Write out again, exactly, the lines below starting at the one with "Nike Nike Swim" and ending at the one with "Vue détaillée de".

Source information START

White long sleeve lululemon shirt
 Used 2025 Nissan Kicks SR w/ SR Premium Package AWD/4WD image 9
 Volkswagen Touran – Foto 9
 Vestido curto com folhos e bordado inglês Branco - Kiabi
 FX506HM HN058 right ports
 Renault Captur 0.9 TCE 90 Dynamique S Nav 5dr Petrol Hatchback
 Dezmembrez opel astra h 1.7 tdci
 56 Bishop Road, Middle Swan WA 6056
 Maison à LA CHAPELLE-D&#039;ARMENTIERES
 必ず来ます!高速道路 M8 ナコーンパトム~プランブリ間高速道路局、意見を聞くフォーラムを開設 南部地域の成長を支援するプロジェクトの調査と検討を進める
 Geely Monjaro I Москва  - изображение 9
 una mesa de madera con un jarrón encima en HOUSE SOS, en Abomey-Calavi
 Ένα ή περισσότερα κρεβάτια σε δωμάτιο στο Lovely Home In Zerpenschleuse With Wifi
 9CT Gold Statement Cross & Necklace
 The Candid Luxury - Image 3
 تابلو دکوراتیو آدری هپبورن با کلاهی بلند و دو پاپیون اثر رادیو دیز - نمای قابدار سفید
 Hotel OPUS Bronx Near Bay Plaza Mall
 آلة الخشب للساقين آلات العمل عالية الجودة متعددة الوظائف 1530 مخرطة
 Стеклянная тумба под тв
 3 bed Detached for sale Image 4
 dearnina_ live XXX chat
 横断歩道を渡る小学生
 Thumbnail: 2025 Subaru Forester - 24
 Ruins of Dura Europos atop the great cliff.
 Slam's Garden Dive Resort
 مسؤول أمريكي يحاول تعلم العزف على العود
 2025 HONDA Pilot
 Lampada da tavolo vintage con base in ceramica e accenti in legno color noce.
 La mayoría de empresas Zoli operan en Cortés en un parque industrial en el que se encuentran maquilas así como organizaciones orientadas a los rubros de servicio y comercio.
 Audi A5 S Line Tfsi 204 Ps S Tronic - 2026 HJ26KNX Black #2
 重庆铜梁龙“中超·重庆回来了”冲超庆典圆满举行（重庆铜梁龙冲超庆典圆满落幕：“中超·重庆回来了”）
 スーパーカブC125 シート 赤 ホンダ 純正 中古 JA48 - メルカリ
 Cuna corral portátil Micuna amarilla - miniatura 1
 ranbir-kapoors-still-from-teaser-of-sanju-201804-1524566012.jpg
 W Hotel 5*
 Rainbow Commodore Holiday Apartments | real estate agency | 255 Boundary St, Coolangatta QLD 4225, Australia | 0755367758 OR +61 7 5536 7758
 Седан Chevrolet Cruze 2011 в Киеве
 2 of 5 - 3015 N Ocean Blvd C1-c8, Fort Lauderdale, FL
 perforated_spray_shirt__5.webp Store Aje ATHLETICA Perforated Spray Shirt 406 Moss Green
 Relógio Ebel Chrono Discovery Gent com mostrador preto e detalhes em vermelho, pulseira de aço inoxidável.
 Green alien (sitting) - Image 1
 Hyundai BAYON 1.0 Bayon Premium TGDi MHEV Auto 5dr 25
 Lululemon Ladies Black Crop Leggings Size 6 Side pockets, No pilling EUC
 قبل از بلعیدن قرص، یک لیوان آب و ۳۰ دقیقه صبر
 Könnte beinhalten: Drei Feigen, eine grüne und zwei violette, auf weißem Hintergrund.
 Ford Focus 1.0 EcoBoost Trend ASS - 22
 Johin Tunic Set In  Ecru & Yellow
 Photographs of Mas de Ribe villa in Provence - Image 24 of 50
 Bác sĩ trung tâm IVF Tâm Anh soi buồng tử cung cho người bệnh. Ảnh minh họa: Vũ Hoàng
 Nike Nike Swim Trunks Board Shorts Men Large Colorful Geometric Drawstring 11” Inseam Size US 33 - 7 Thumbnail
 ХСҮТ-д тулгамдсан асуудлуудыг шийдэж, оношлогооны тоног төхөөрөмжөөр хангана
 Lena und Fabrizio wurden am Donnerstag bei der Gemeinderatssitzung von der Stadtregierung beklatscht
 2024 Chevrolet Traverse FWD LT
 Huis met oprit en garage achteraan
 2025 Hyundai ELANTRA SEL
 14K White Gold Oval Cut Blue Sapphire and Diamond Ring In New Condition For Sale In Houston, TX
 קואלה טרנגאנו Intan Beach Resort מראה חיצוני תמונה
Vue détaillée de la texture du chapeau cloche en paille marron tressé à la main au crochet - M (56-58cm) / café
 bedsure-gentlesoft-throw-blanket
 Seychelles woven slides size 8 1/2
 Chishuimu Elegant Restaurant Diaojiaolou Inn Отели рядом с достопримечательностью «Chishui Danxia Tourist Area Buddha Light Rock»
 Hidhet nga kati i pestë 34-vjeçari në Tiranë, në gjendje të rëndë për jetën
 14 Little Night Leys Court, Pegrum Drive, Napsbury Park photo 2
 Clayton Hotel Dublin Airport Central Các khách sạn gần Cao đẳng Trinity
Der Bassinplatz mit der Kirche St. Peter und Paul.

Source information END

Task result -
 Nike Nike Swim Trunks Board Shorts Men Large Colorful Geometric Drawstring 11” Inseam Size US 33 - 7 Thumbnail
 ХСҮТ-д тулгамдсан асуудлуудыг шийдэж, оношлогооны тоног төхөөрөмжөөр хангана
 Lena und Fabrizio wurden am Donnerstag bei der Gemeinderatssitzung von der Stadtregierung beklatscht
 2024 Chevrolet Traverse FWD LT
 Huis met oprit en garage achteraan
 2025 Hyundai ELANTRA SEL
 14K White Gold Oval Cut Blue Sapphire and Diamond Ring In New Condition For Sale In Houston, TX
 קואלה טרנגאנו Intan Beach Resort מראה חיצוני תמונה
Vue détaillée de la texture du chapeau cloche en paille marron tressé à la main au crochet - M (56-58cm) / café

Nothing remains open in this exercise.